REPUBLIKA.CO.ID, JAKARTA -- Jumlah luas lahan terbakar akibat kebakaran hutan dan lahan (karhutla) pada Oktober 2019 diperkirakan akan berkurang. Angka karhutla diprediksi tidak akan sebesar angka pada September lalu.
"Nanti kami akan perbarui angka luas kebakarannya, kurang lebih berapa penambahannya. Tapi penambahannya tidak akan sedrastis dari Agustus ke September 2019, itu poin pentingnya. Saya yakin itu," ujar Plt Direktur Pengendalian Kebakaran Hutan dan Lahan Kementerian Lingkungan Hidup dan Kehutanan (KLHK) Raffles Panjaitan dalam konferensi pers yang diadakan di Gedung KLHK, Jakarta, Senin (21/10).
Sebelumnya, menurut data KLHK, total lahan yang terbakar sampai dengan akhir September 2019 mencapai 857.756 hektare, yang terdiri dari 630.451 ha lahan mineral dan 227.304 ha lahan gambut. Angka itu menunjukkan kenaikan 529.032 ha dari 328.724 ha lahan yang terbakar pada Agustus 2019, menurut data KLHK berdasarkan interpretasi citra landsat.
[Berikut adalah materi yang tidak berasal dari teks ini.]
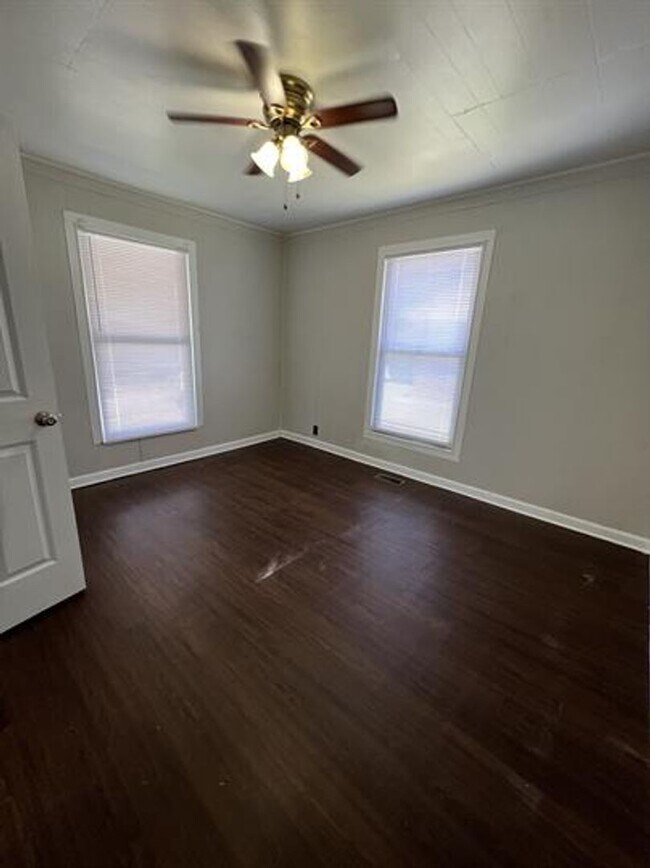 Foto del edificio - Charming one bedroom in South Charleston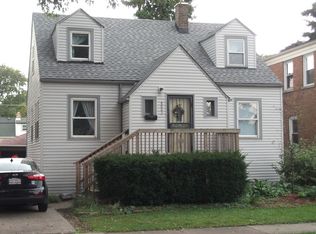 8802 S Sacramento Ave, Evergreen Park, IL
Menurut Raffles, angka luas lahan terbakar pada Oktober 2019 kemungkinan akan mengalami penurunan karena kecenderungan turunnya titik panas di daerah-daerah rawan. Berdasarkan data Badan Meteorologi, Klimatologi dan Geofisika (BMKG) daerah-daerah rawan seperti Riau, Jambi, Sumatera Selatan, dan Kalimantan Tengah menunjukkan tren penurunan, meski belum berhasil menghilangkan semua titik panas.
Raffles menambahkan, hujan juga diprediksi akan turun sampai akhir tahun. "Cuaca tampaknya Desember sudah hujan. Pertengahan November juga sudah hujan," ujar dia.
Terkait karhutla yang terjadi pada 2019, KLHK sudah memproses hukum 79 perusahan pemilik konsesi dan satu perorangan, menurut data sampai dengan 16 Oktober 2019. Total 27.192 ha lahan konsesi yang terbakar dimiliki oleh 79 perusahaan tersebut dengan 274 ha adalah milik satu orang.